■ What the task requires
When you reach the line containing "To give you", begin reproducing the material exactly, stop after the line containing "Hi guys, today", and leave out any pictures along the way.

■ Records to use
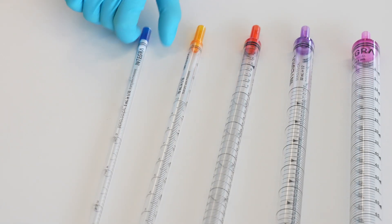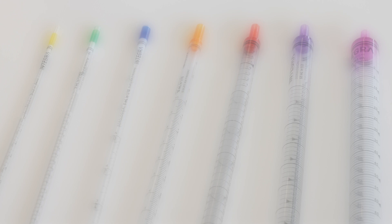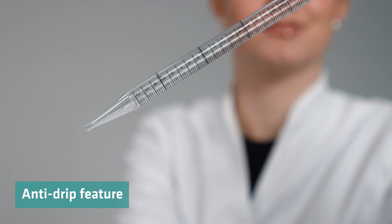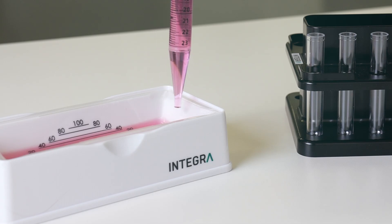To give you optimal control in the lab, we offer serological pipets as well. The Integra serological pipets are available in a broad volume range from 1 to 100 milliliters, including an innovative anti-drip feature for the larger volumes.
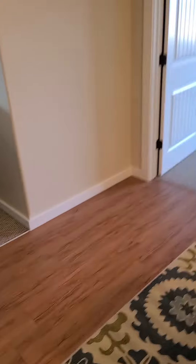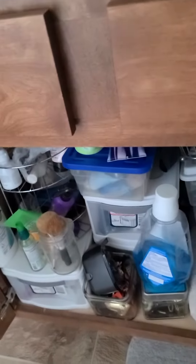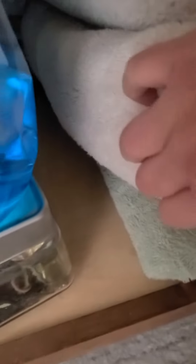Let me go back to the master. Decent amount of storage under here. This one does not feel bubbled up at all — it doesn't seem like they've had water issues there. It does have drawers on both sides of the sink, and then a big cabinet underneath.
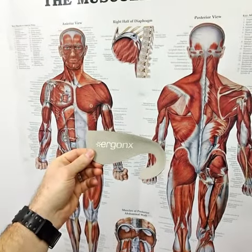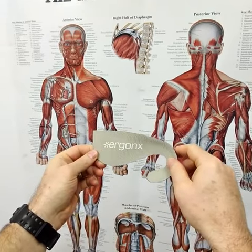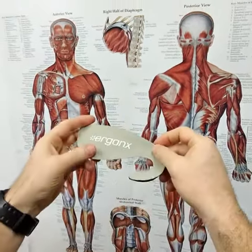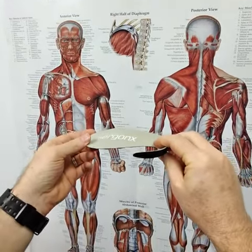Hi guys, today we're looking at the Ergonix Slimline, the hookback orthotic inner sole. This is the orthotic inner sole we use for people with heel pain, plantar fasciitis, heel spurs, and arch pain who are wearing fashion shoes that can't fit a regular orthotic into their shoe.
* * *
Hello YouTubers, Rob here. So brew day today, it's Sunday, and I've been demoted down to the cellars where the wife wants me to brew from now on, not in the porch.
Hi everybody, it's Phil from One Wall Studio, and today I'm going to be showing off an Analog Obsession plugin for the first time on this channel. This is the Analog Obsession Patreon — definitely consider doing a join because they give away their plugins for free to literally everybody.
==
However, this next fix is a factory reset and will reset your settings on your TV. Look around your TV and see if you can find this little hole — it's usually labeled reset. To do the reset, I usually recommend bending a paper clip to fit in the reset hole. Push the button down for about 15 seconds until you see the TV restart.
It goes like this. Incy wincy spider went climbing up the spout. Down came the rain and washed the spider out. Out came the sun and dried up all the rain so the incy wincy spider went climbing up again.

■ Solved exercise
To give you optimal control in the lab, we offer serological pipets as well. The Integra serological pipets are available in a broad volume range from 1 to 100 milliliters, including an innovative anti-drip feature for the larger volumes.
Let me go back to the master. Decent amount of storage under here. This one does not feel bubbled up at all — it doesn't seem like they've had water issues there. It does have drawers on both sides of the sink, and then a big cabinet underneath.
Hi guys, today we're looking at the Ergonix Slimline, the hookback orthotic inner sole. This is the orthotic inner sole we use for people with heel pain, plantar fasciitis, heel spurs, and arch pain who are wearing fashion shoes that can't fit a regular orthotic into their shoe.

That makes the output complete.